D. OBSERVATIONS SUR LES OBJECTIFS ET LES INDICATEURS ASSIGNÉS AU PROGRAMME « ENSEIGNEMENT SCOLAIRE PUBLIC DU SECOND DEGRÉ »

A titre liminaire, votre rapporteur spécial regrette l'absence d'objectifs et d'indicateurs relatifs :

- aux classes préparatoires aux grandes écoles ;

- à la réduction des surnombres disciplinaires, qui correspond pourtant à l'un des objectifs de la SMR du ministère (à savoir « l'amélioration de l'emploi des surnombres »), comme d'ailleurs, à une préoccupation de votre commission des finances ;

- à l'ouverture du système éducatif sur l'entreprise n'est pas étudiée, qui fait pourtant l'objet de plusieurs dispositifs, dont il serait intéressant d'apprécier l'impact sur le public concerné ;

- à la maîtrise de l'offre d'enseignement, notamment à la réduction du nombre des options enseignées devant des classes à très faibles effectifs.

- à l'orientation des élèves. Sur la question de l'orientation, le Haut conseil de l'évaluation de l'école a en effet conclu: « l'ensemble des analyses montre surtout l'importance déterminante des enseignants dans le choix d'une orientation. Le fait pour un élève de s'être informé auprès d'eux (ou d'avoir été informé par eux) exerce une influence presque aussi forte sur son inscription en CPGE que les variables scolaires : « toutes choses égales par ailleurs », un élève ira plus souvent en CPGE, filière que parfois il ne connaissait pas ou mal, ou pour laquelle il n'aurait pas osé postuler, s'il a eu l'occasion de parler avec ses enseignants de son orientation que dans le cas contraire. Ce rôle des enseignants traduit ainsi à la fois la motivation des élèves qui prennent l'initiative de se renseigner sur les filières auprès des professeurs et le rôle moteur de conseil que peuvent avoir ces derniers auprès de certains élèves. L'information auprès des enseignants est même le facteur le plus important pour l'inscription en STS, le seul qui joue en dehors de la série de baccalauréat ». Selon votre rapporteur spécial, il serait opportun d'évaluer les actions engagées au titre de l'orientation, compte tenu de leur impact potentiel sur le devenir des élèves.

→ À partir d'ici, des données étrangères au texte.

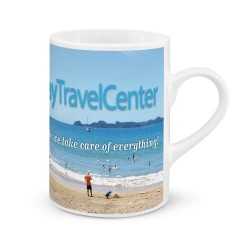 Coffee Mugs  - Roma Coffee Mug - 330ml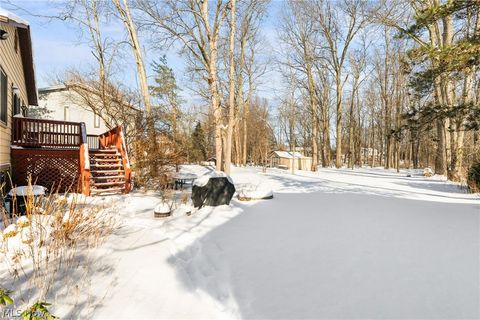 Tiny photo for 8979 Bluejay Lane, Mentor, OH 44060 (MLS # 5188242)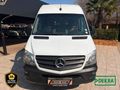 2018 Mercedes-Benz Sprinter 515 CDi F/C Panel Van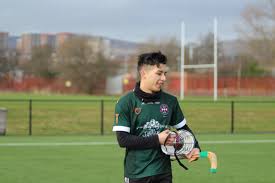 Image result for Edinburgh University Shinty Club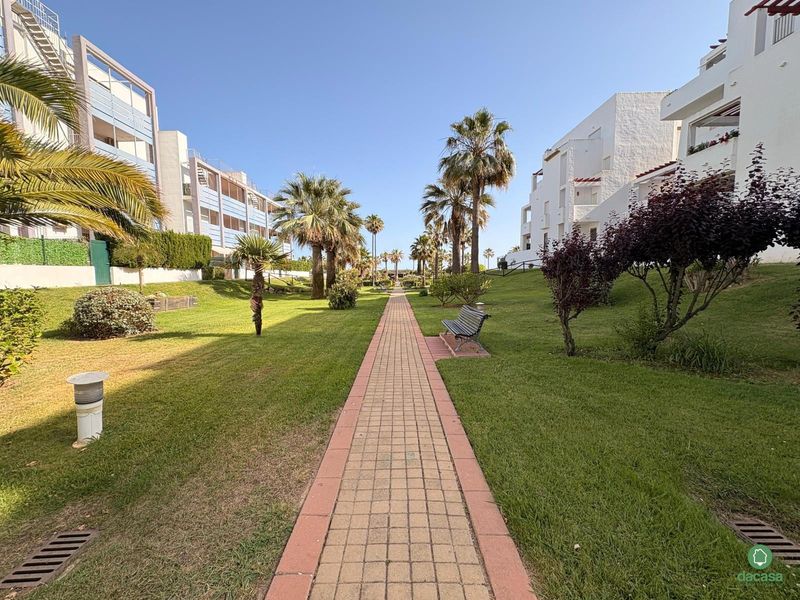 Piso en venta Islantilla, Huelva. Ref: 3528. DACASA Servicios Inmobiliarios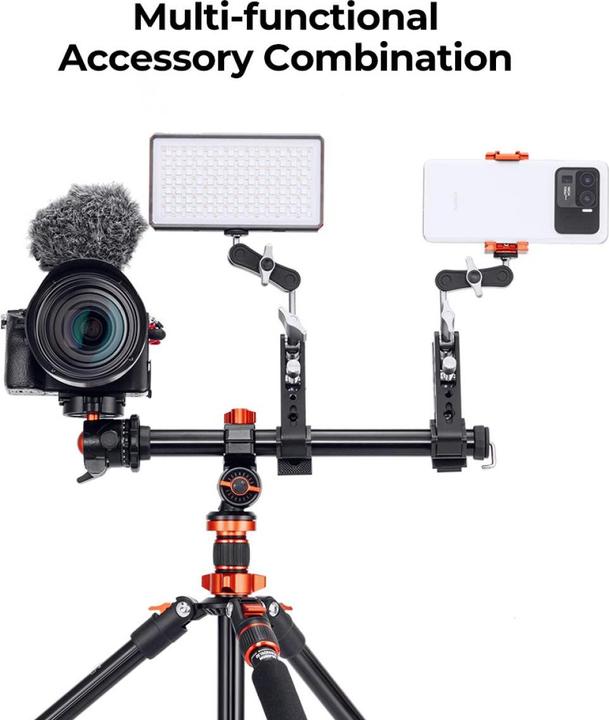 Actual product image K&F Concept Center Column (Metal)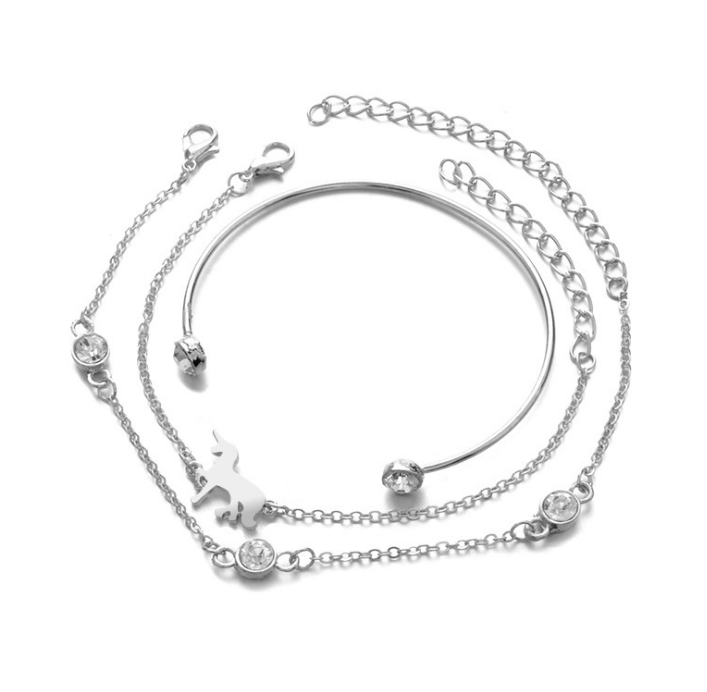 Pulsera europa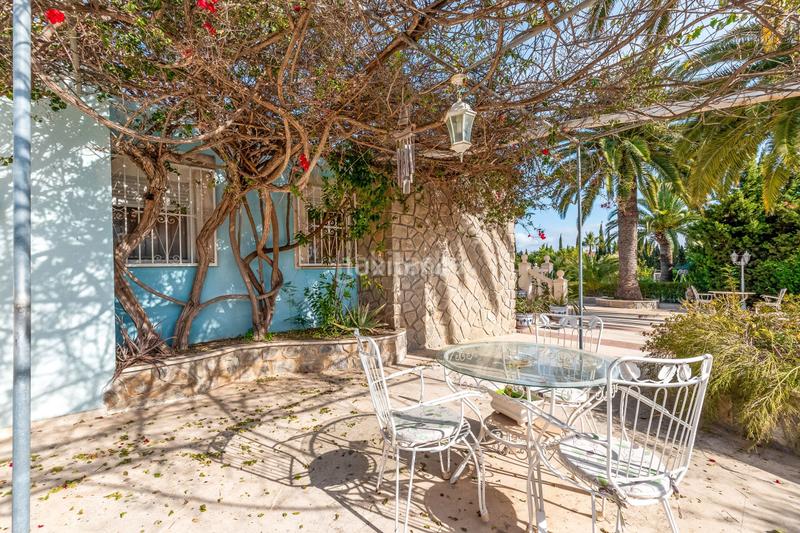 Foto 9e06b0ad-2ef3-4354-a6ff-4a3f0602d655. Chalet con riscaldamento piscina in Escandinavia-Cautivador Alfàs del Pi (l´)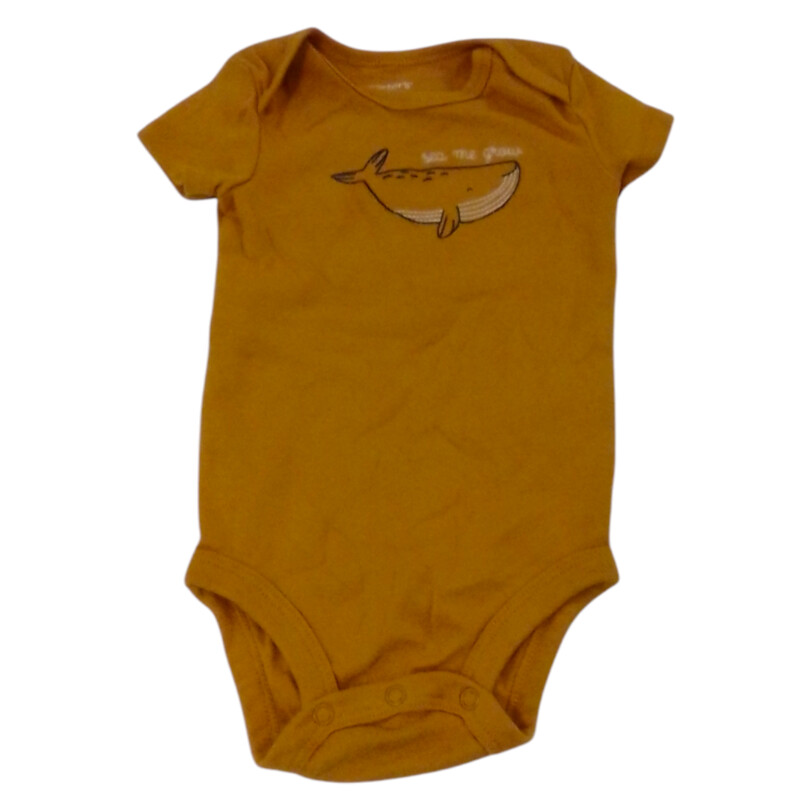 Onesie: Sea Me Grow, Boy, Size: 6m

Located at Pipsqueak Resale Boutique inside the Vancouver Mall, Suite 230, (upstairs between Round 1 and Golds Gym) or online at: #pipsqueakresale

All items are photographed prior to being steamed. Cross posted, items are located at #PipsqueakResaleBoutique, payments accepted: cash, paypal & credit cards. Any flaws will be described in the comments. More pictures available with link above. Local pick up available at the #VancouverMall, tax will be added (not included in price), shipping available (not included in price, *Clothing, shoes, books & DVDs for $6.99; please contact regarding shipment of toys or other larger items), item can be placed on hold with communication, message with any questions. Join Pipsqueak Resale - Online to see all the new items! Follow us on IG @pipsqueakresale & Thanks for looking! Due to the nature of consignment, any known flaws will be described; ALL SHIPPED SALES ARE FINAL. All items are currently located inside Pipsqueak Resale Boutique as a store front items purchased on location before items are prepared for shipment will be refunded.

#resalerocks #pipsqueakresale #shopvanmall #vancouverwa #portland #reusereducerecycle #fashiononabudget #chooseused #consignment #savemoney #shoplocal #weship  #shopvanmall #vancouvermall #vancouver #vancouverwashington #keepusopen #shoplocalonline #resale #resaleboutique #mommyandme #minime #fashion #reseller #usedclothing #usedtoys #secondhand #consign #store #clothes #womensclothes #kidsclothes #shopvancouvermall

Sous ces réserves, les objectifs retenus sont exposés ci-après.

L'objectif n° 1 : « Conduire le maximum d'élèves aux niveaux de compétences attendues en fin de scolarité et à l'obtention des diplômes correspondants »

On peut s'interroger sur la cohérence de la formulation de cet objectif avec les priorités affichées par le ministre, qui sont d'amener « 100 % d'une classe d'âge à la réussite et à une qualification ».

Votre rapporteur spécial observe d'ailleurs qu'il existe une différence de degré entre la formulation « conduire tous les élèves » présente dans le programme relatif au premier degré, et la formulation « conduire le maximum d'élèves » retenue pour le programme traitant du second degré (cette différence de formulation se retrouvant au sein du programme relatif à l'enseignement privé).

Particulièrement attentif à la situation des jeunes sortant du système scolaire sans aucune qualification, votre rapporteur spécial souhaite que l'action du ministère soit particulièrement ambitieuse en s'adressant à tous les élèves.

En outre, il convient de rappeler que les PAP ont vocation à fixer des cibles quantitatives pour les objectifs. Or déterminer ce à quoi correspondrait le « maximum » précité n'est assurément pas chose aisée.

Quoi qu'il en soit, cet objectif est assorti de 11 indicateurs .

Les premiers indicateurs (indicateur n° 1 (a), (b), (c) et indicateur n° 3) sont les taux d'accès au baccalauréat et la proportion d'une classe d'âge à obtenir le brevet.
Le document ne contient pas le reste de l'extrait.